If anything, I’d hope that new languages in 2010 allow any of the roughly 100,000 non-control non-whitespace [edit: non-punctuation] Unicode characters. For a lot of the code I see, ASCII is at least as constraining as, say, fixnums would be.
And that is why this particular parser won't pass the Java TCKs.
> # There are 46,908 different valid characters that you can use in an identifier
And yet among all those characters I can't have a question mark at the end of a boolean variable or function name...
Anyway, weirdness is no excuse for not supporting a feature in a parser!
condition ? result-if-true : result-if-false
although you're probably right that a smarter parser should be able to distinguish between both cases.
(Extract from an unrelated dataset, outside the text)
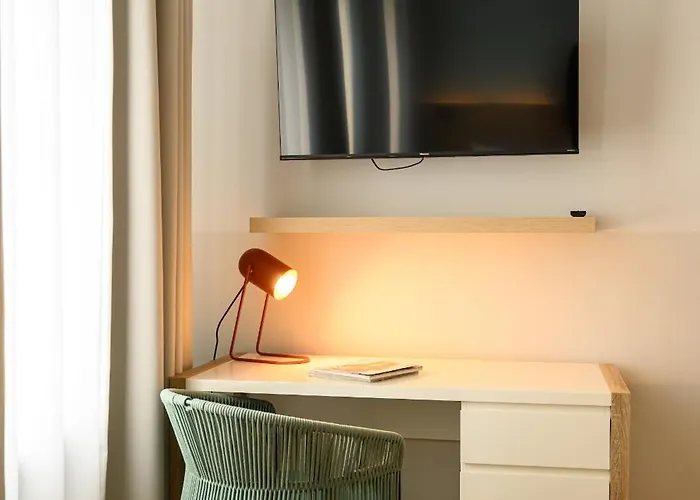 Dilo 160 Sqm Modern Historic For 12 Guests *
But then the next guy comes along and complains that he can't use a colon as a valid character in his variable names...Also, I am not sure rewording the title added any value. The title of the article IMO was just fine - See http://ycombinator.com/newsguidelines.html
Depending on your purpose, might be a whole lot easier to re-use an existing implementation and focus on whatever you're planning to use this parser for...
I was unable to find an existing Java parser in C#. Do you know of one?
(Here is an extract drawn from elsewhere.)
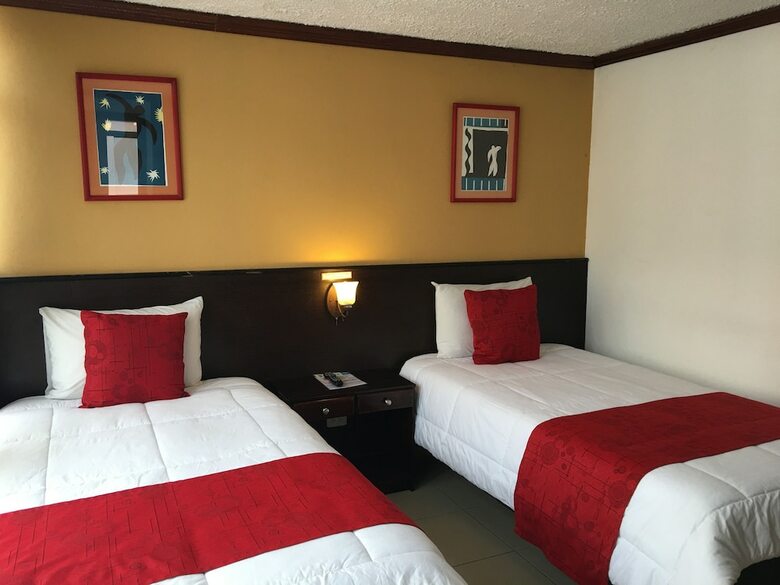 Hostal Mitad Del Mundo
Often, this is really just another way of saying, "I didn't think of this before, and I don't want to start thinking about it just now."
The floating point notation would be understandable for those who need to be intimately familiar with floats at the bit level. There are a few people who have to do this.
Allowing unicode identifier names is a feature I've seen many people ask for, and doesn't seem like that big a deal. It must be frustrating using languages that don't support this feature to foreign speakers. Of course some characters can be in an identifier but not start it, this is true of most languages. You can't start variables with numbers in C.
I see no issue with allowing numbers in different bases. And of course the decimal would also be in that base. It would be weird if left of the decimal were in hex and right of the decimal were decimal.